[Opening Information supplied section]
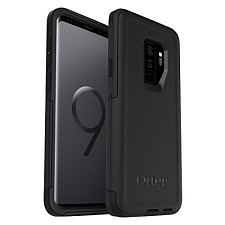 OtterBox Case Defender Series 77-57992 for Samsung Galaxy S8+ Plus 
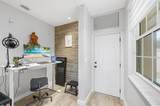 9788 Royal Palm Boulevard - Photo 14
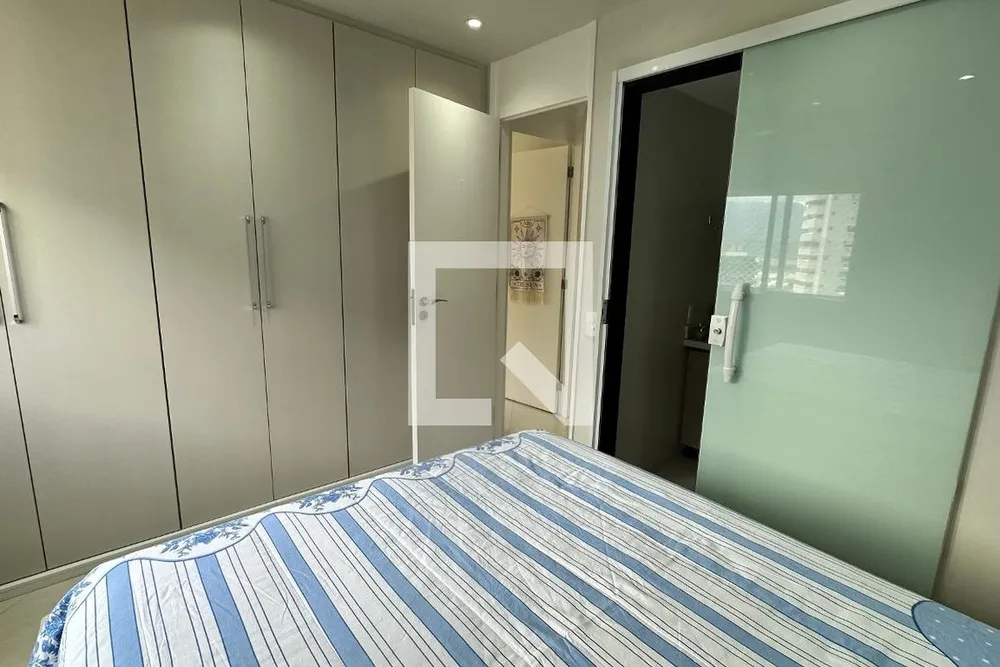Apartamento, 3 quartos, 89 m² - Foto 37
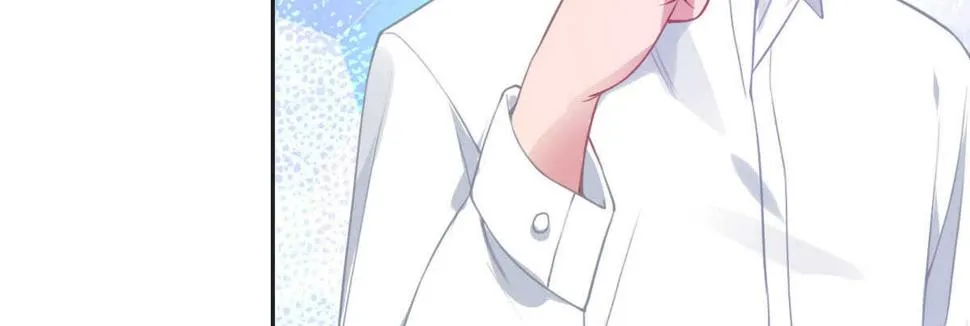 第33话：法医之神 第43页
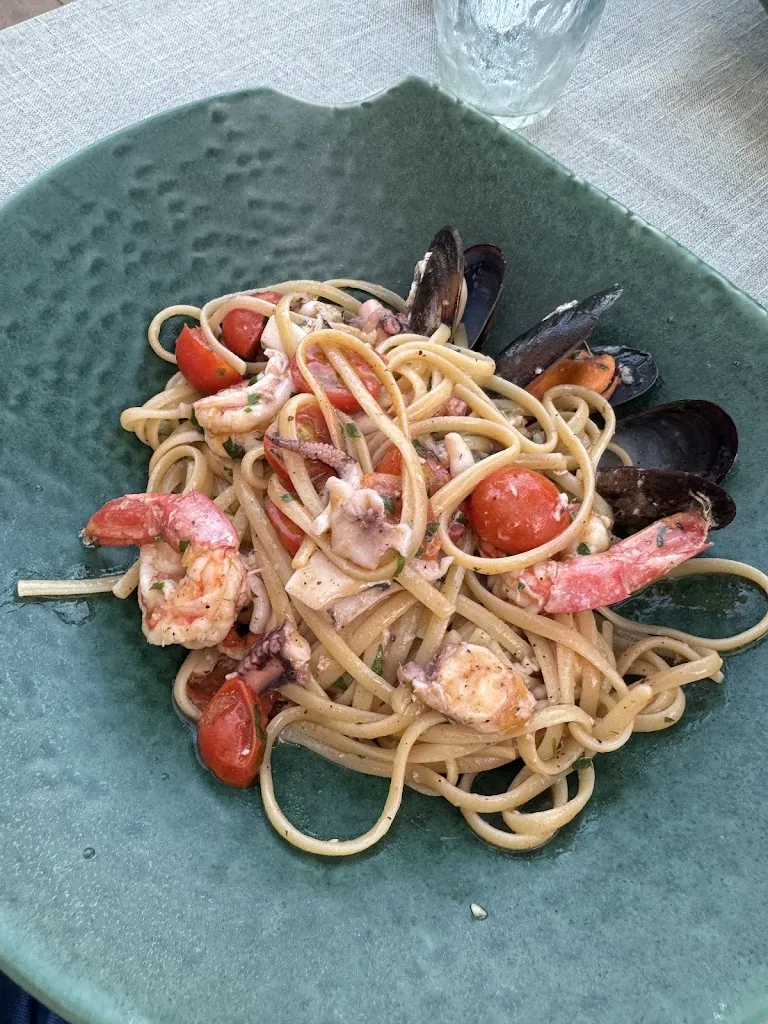 Pavarotti Italian Cuisine_Estepona_slider_image_3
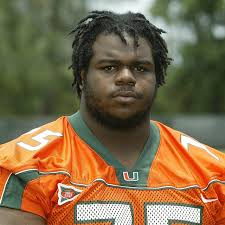 Orange Bowl Hall of Fame presented by AutoNation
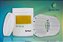 PHONAK - C&C Dry-Cup - Recipiente Desumidificador - Imagem 1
[Closing Information supplied section]
● Assignment
Everything from the line with "9788 Royal Palm Boulevard - Photo 14" through the end of the records is to be repeated exactly. The pictures are not.

● Reply to the task
 9788 Royal Palm Boulevard - Photo 14
Apartamento, 3 quartos, 89 m² - Foto 37
 第33话：法医之神 第43页
 Pavarotti Italian Cuisine_Estepona_slider_image_3
 Orange Bowl Hall of Fame presented by AutoNation
 PHONAK - C&C Dry-Cup - Recipiente Desumidificador - Imagem 1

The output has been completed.